Le recours à la violence peut-il s’avérer payant et faire reculer un pouvoir?
La France, poudrière sociale. Quand l’impuissance de la rue face à l’intransigeance du pouvoir n’exclut plus la voie de la violence.
Jean Vandewattyne, sociologue du travail (UMons, ULB, Groupe d’analyse des conflits sociaux)
La contestation gagne-t-elle en violence, au vu des manifestations parfois houleuses contre la réforme des retraites ou des durs affrontements autour de projets de mégabassines en France?
Je ne suis pas sûr que le durcissement de la contestation auquel on assiste se traduise systématiquement par une violence qui serait plus forte ou plus intense que celle des années 1970 ou 1980. La société de l’image dans laquelle nous vivons, où réseaux sociaux et professionnels de l’information au sein des médias traditionnels mettent l’accent sur la violence dans la contestation, lui donne un poids qui a pour effet de minimiser la dimension pacifique des mobilisations sociales. Prudence, donc. En revanche, on observe une radicalisation des enjeux, notamment ceux liés à la question du travail et à l’environnement. On se trouve face à des perspectives du présent et du futur très sombres et très anxiogènes qui peuvent alimenter une radicalisation des actions.
Jean Vandewattyne: «Le fond de l’air, à travers peurs et imaginaires, est plutôt favorable à des postures plus autoritaires.
Le pouvoir, par une attitude jugée intransigeante, est-il en train de nourrir l’émergence d’un droit de se sentir en état de légitime violence?
Je préfère parler d’un état de légitime défense plutôt que d’un état de légitime violence. Ne rien faire face aux enjeux actuels devient problématique, la passivité ou l’indifférence en viennent à pouvoir être considérées comme des formes de violence.

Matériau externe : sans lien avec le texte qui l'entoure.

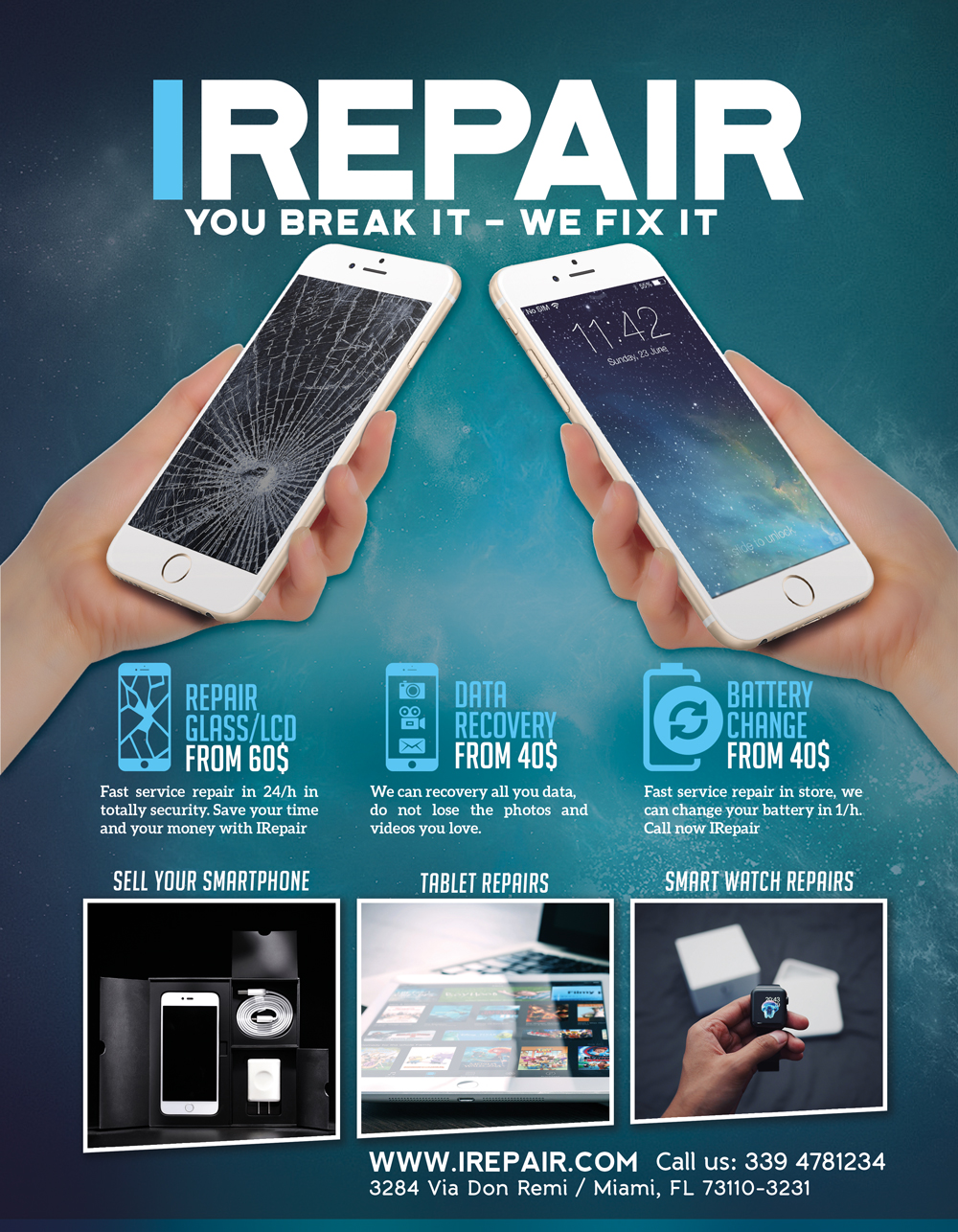 Smartphone Repair 8 Flyer/Poster by Giunina on DeviantArt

La radicalisation n’est-elle pas une conséquence logique de formes orthodoxes de contestation qui seraient en train de montrer leurs limites?
Nos sociétés se sont construites dans la violence, elles se sont aussi pacifiées et régulées en mettant en place des institutions et des dispositifs de concertation générateurs de compromis en guise de solutions aux conflits. Mais ces institutions se trouvent, en quelque sorte, dépassées. Elles présentent des défaillances à la lumière des enjeux actuels qui deviennent, notamment pour les jeunes, une question même de survie quand on pense, par exemple, aux enjeux climatiques. Refonder un compromis social autour d’un projet de société qui favorise les solidarités est, à mon sens, un impératif majeur.
Les courants politiques qui plaident pour réduire le poids des syndicats seraient bien inspirés d’y réfléchir à deux fois avant de vouloir se passer de leur rôle d’amortisseurs de la colère populaire?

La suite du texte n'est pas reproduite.